Why skills vouchers?
Simple, one can’t learn in a couple of months what other is studying and practicing several years. Rather than pushing team members to be all and everything – managers, webmasters, sales and marketing experts, investing a lot to make little progress, we tested providing them with vouchers for the skills. The teams chose very diverse skills subcontracting from video-making about an island in the Adriatic that is going plastic free, to makerspace NGO for prototyping solutions for a mechanism that opens the door of a compost toilet, after you feed it a plastic bottle.
Streamlining, exploring, adopting – there is no one-size-fits-all
Secondly, we knew we wanted to leave the start-up goal behind and focus on social impact by streamlining the ideas into existing systems (if such existed) rather than investing in building a new company for every single idea. At the same time exploring all possibilities, from streamlining into existing systems, to non for profit to social enterprise or startup.
A series of online and offline meetings with the teams were held, each resulting in finishing the curriculum for each team. In the months that followed the mentors worked with their teams on developing the idea, product, service or action. Due to the experimental nature of the program we decided to provide mentoring and skills vouchers not equally by the team but comparatively by their accomplishments and the volume of activities and time they put into it which proved very useful as we were facing the challenge of some of the teams leaving Croatia or simply falling apart.

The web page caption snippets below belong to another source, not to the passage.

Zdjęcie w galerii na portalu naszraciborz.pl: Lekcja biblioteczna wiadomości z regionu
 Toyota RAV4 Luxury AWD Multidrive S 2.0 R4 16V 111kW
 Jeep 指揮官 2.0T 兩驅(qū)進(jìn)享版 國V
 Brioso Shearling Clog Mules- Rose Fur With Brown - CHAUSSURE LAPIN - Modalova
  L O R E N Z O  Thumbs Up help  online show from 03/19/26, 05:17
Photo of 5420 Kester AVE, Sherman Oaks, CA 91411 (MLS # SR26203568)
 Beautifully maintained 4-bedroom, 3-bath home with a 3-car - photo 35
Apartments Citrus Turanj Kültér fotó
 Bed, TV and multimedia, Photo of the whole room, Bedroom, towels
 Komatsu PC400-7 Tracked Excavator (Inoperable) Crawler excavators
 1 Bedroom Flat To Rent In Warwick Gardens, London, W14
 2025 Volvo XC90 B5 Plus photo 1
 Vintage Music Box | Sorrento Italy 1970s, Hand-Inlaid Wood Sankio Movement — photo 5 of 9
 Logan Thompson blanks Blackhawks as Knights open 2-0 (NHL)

Motivating and frustrating at the same time
The results have been at the same time motivating, to the extent that although the financial support has ended two months ago, we are all still working with some of the teams, as well as frustrating as it is common when small groups of individuals tackle a big issues/systems. We have made significant strides with our teams. We will have an experimental little Adriatic island reaching the first step of its plan to become sustainable this summer – Zlarin without single-use plastic. We will have a fully functioning beautifully designed compost toilet with finished product design and mechanism for payment in plastic bottles and other waste. We do have a new plan of testing microfilters and the level of micro-plastic pollution on Zlarin post-tourist season. We have beautiful drawings for a picture book or an exhibition about the sea and the havocs of pollution. We have decided to make Zlarin the centre, a living laboratory of all the implementation as different solutions feed into each other and provide synergies. What we want is to further experiment with place-based system innovation and we secured funds from the EIT Climate-KIC to do it, on Zlarin and on the island on Cres.
What have we learnt so far?
Not only did the teams profit from the support program, but we have too as an organisation. From this experience we learn how we can be helpful and provide support to changemakers and activists in the field of sustainability:
- Screening teams and providing continuous support over a longer period of time is the only way to predict who we should invest in. Sprints and boot camps are just for discussing ideas and building on them.
- We should collect and use specific data on tourism and tourist behavior rather than only statistics. We need data on green tourist demand and preferences in order to advocate in the local community where tourism makes a significant portion of income.
- Prototyping is very expensive and takes a lot of time, it is a full-time job. Most teams that are launching a product are in over their heads.
- Public campaigns, connecting partners and research is crucial and something we can do really well. We function well acting like a platform that connects, adds value and facilitates change.
In the end, we are thankful to the British Embassy in Zagreb as well as all the teams for investing in a less plastic and more sustainable future and we are looking forward to new challenges and new ideas on how to make that happen. We already have new supporters and new partners on board!